Collected data:
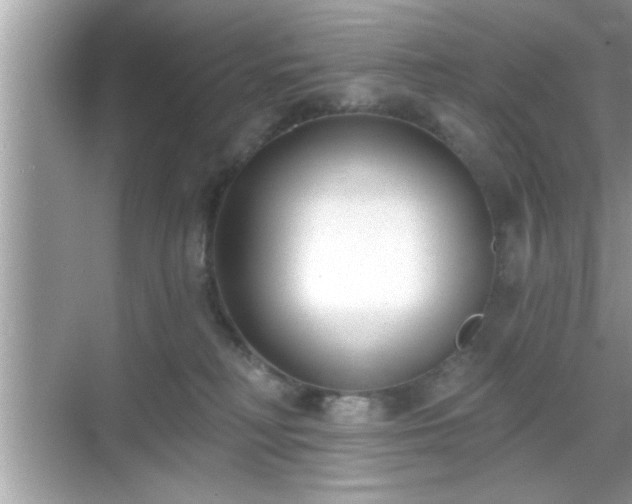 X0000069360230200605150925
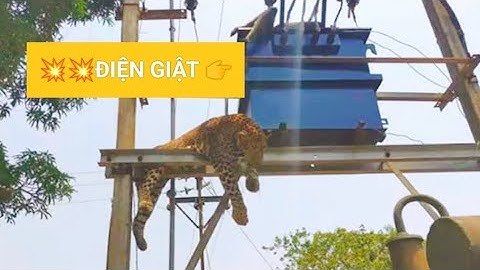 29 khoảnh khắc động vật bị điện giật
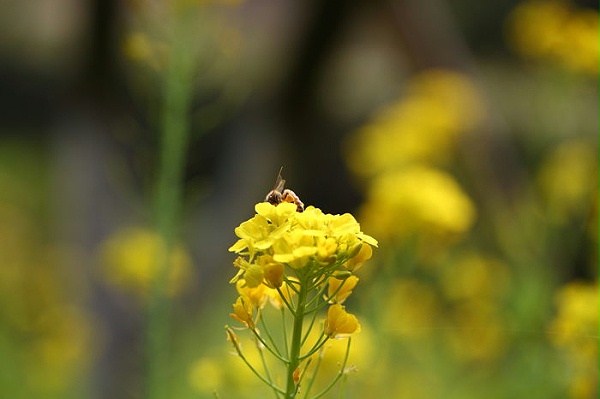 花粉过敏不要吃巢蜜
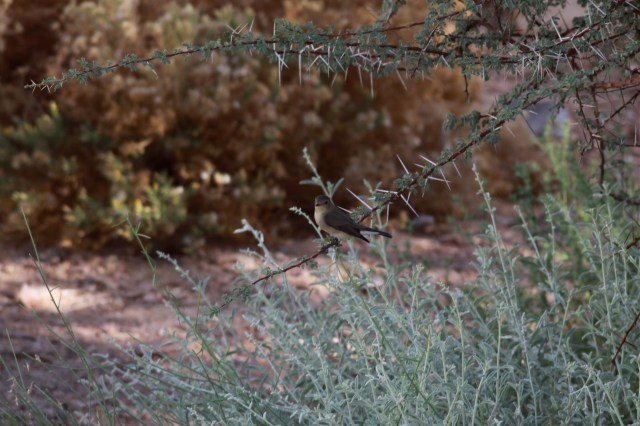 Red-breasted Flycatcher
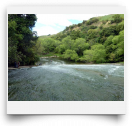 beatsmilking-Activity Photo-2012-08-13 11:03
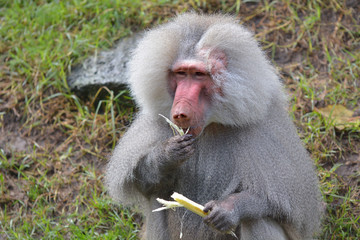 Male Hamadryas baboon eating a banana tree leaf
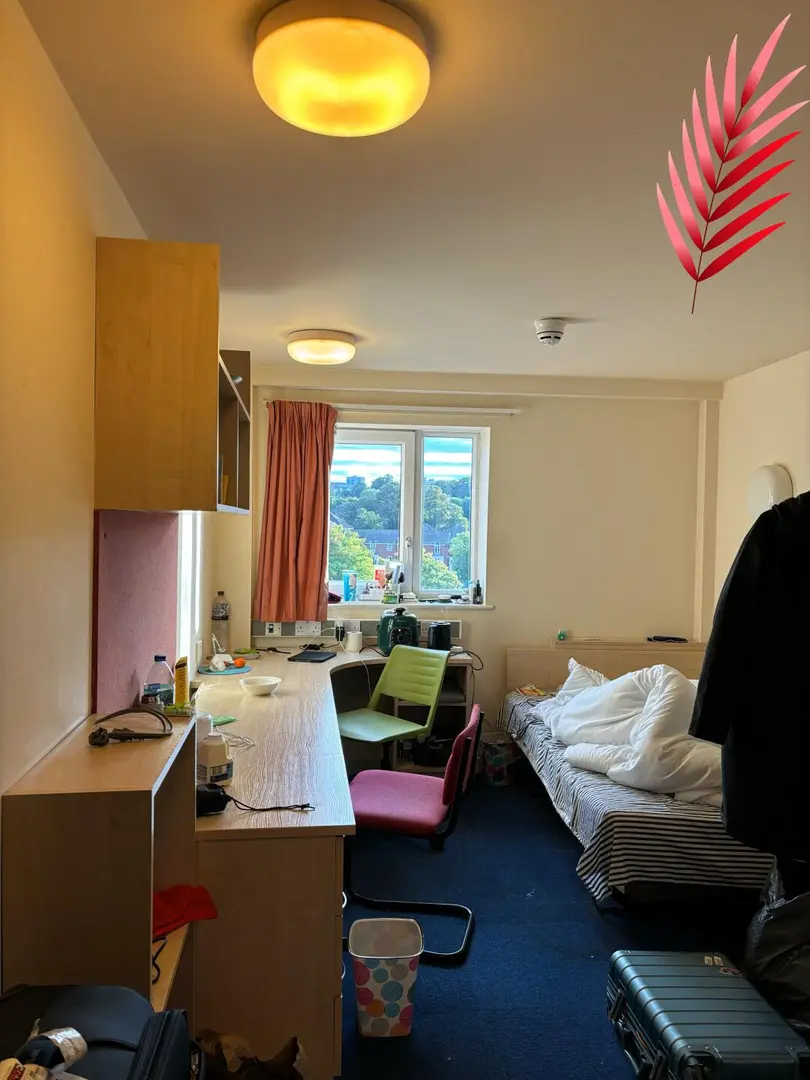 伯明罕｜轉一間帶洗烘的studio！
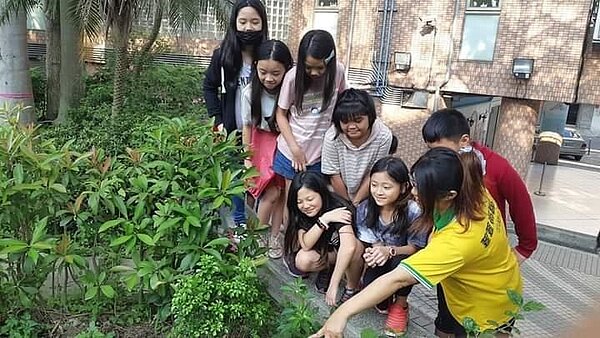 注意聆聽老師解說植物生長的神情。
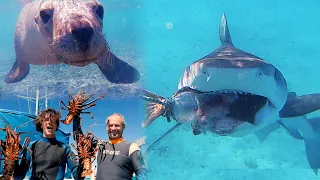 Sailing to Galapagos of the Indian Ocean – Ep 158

*TASK TO COMPLETE*
When you retype the records, keep every word exactly as written and exclude the pictures.

*RESPONSE TO THIS EXERCISE*
 X0000069360230200605150925
 29 khoảnh khắc động vật bị điện giật
 花粉过敏不要吃巢蜜
 Red-breasted Flycatcher
 beatsmilking-Activity Photo-2012-08-13 11:03
 Male Hamadryas baboon eating a banana tree leaf
 伯明罕｜轉一間帶洗烘的studio！
 注意聆聽老師解說植物生長的神情。
 Sailing to Galapagos of the Indian Ocean – Ep 158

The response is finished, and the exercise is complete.